Over the last 10 years neuroscientists have become increasingly aware of the role of inhibitory parts of the nervous system and the importance of the regulatory functions that inhibition provides.  Prior to that time we thought the cholinergic and adrenergic systems were what was important because they made things happen that we could see and measure.  Now we know that only about 10% of the brain works on a cholinergic/adrenergic basis.  Five percent is involved with those functions we call collectively “awareness.”  The rest (85% of the brain mass) is inhibitory in function.

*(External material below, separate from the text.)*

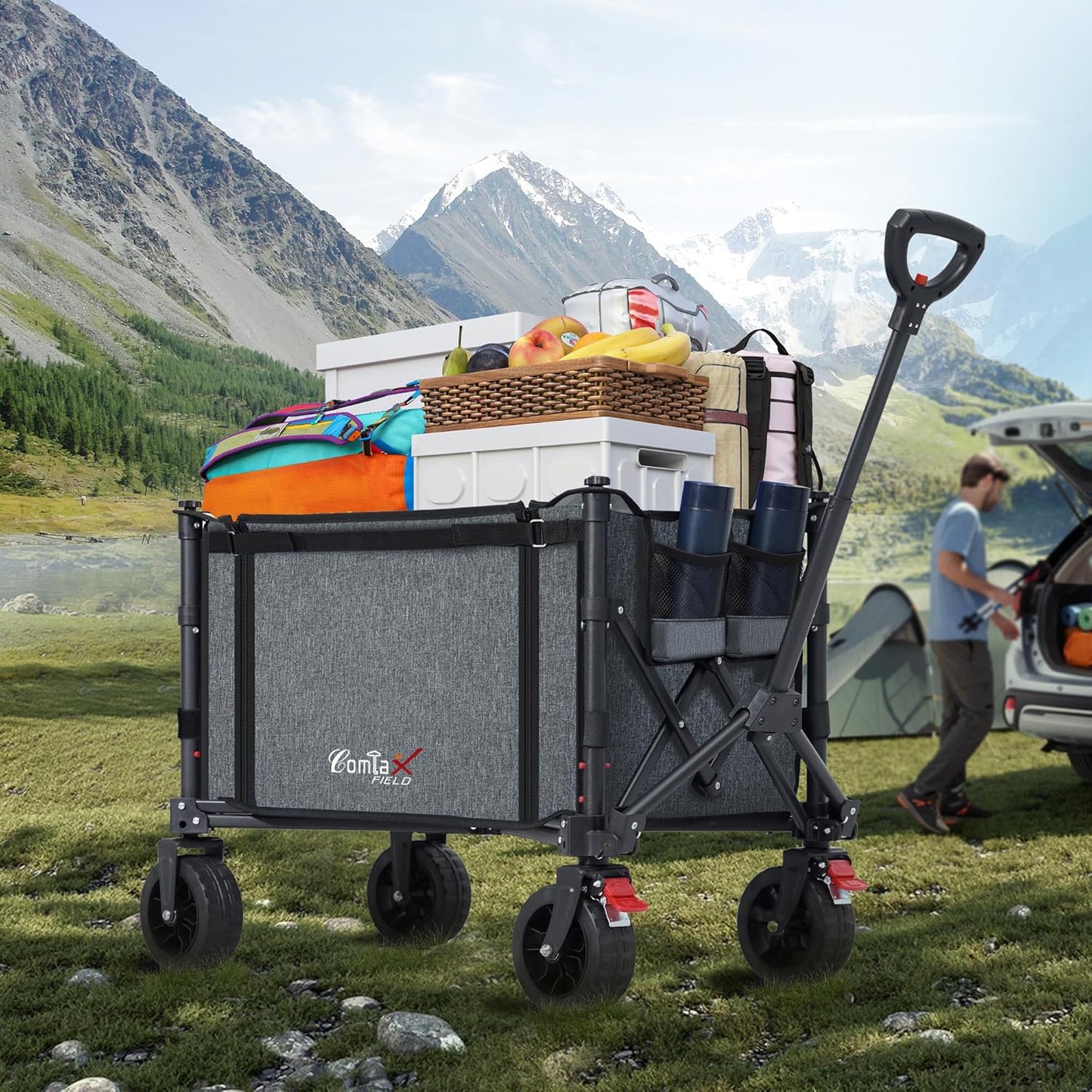 Collapsible Wagon Cart Foldable with Big Wheels Brakes, 250lbs Folding Utility Lightweight Garden Wagon, Portable Grocery Cart for Camping Shopping Sports Pets, Grey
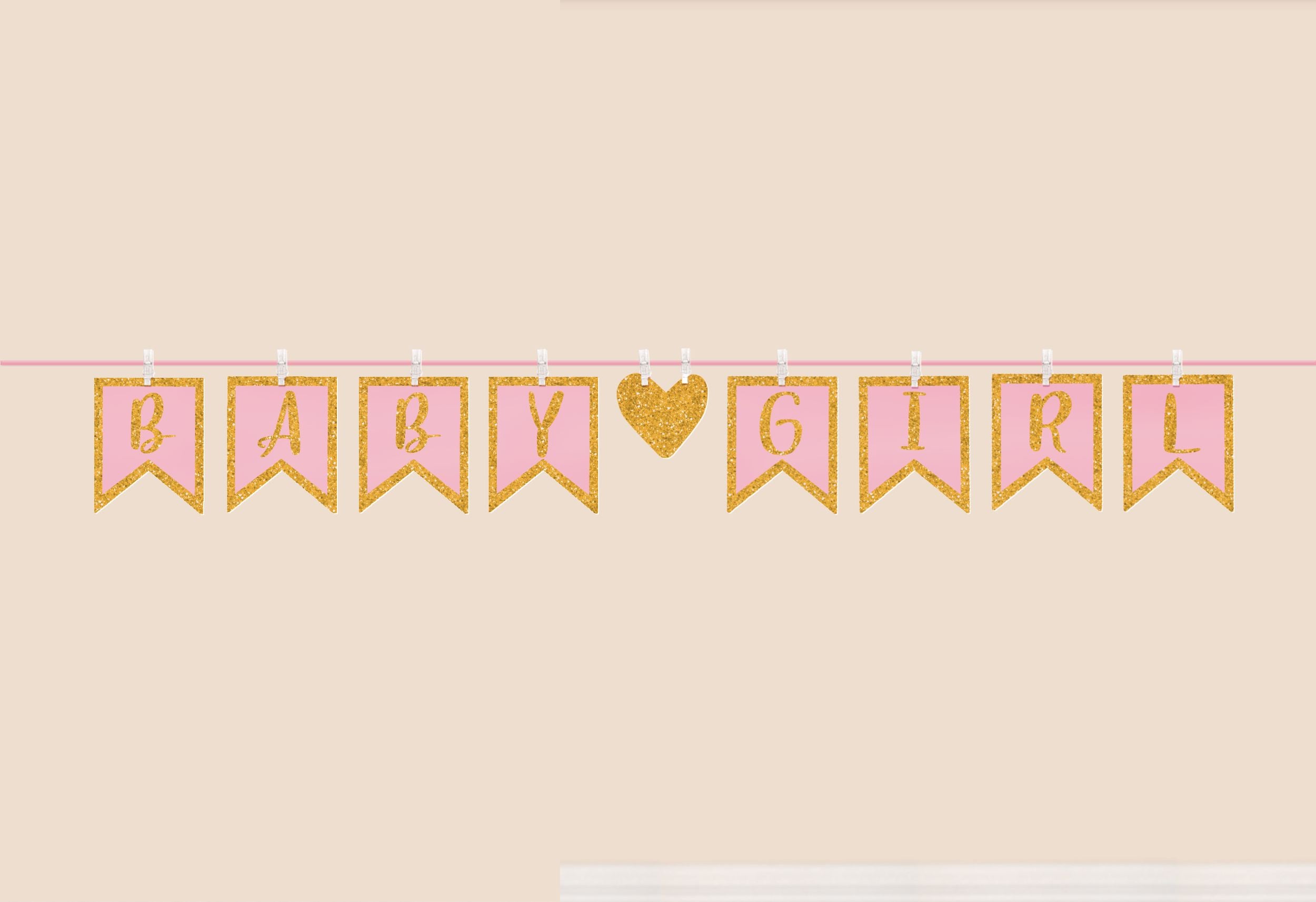 Baby Girl Clothespin Garland Banner, Pink/Gold, 9-inch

The new theories of ADHD emphasize a relative failure of neural inhibition as the core problem.  Distractibility is conceptualized as a failure to inhibit and suppress other stimuli from awareness.  The impulsivity and hyperactivity components may be conceptualized as the partial failure of the frontal lobes whose job it is to inhibit and control emotion responses, inappropriate cognitive and psychic responses, and behavioral impulses.   In fact the functions of the prefrontal cortex are maintaining attention, perseverance, judgment, impulse control, organization, self-monitoring and supervision, problem solving, critical thinking, forward thinking, learning from experience, ability to feel and express emotions, and empathy.  In short, the same things that ADHD people have problems with!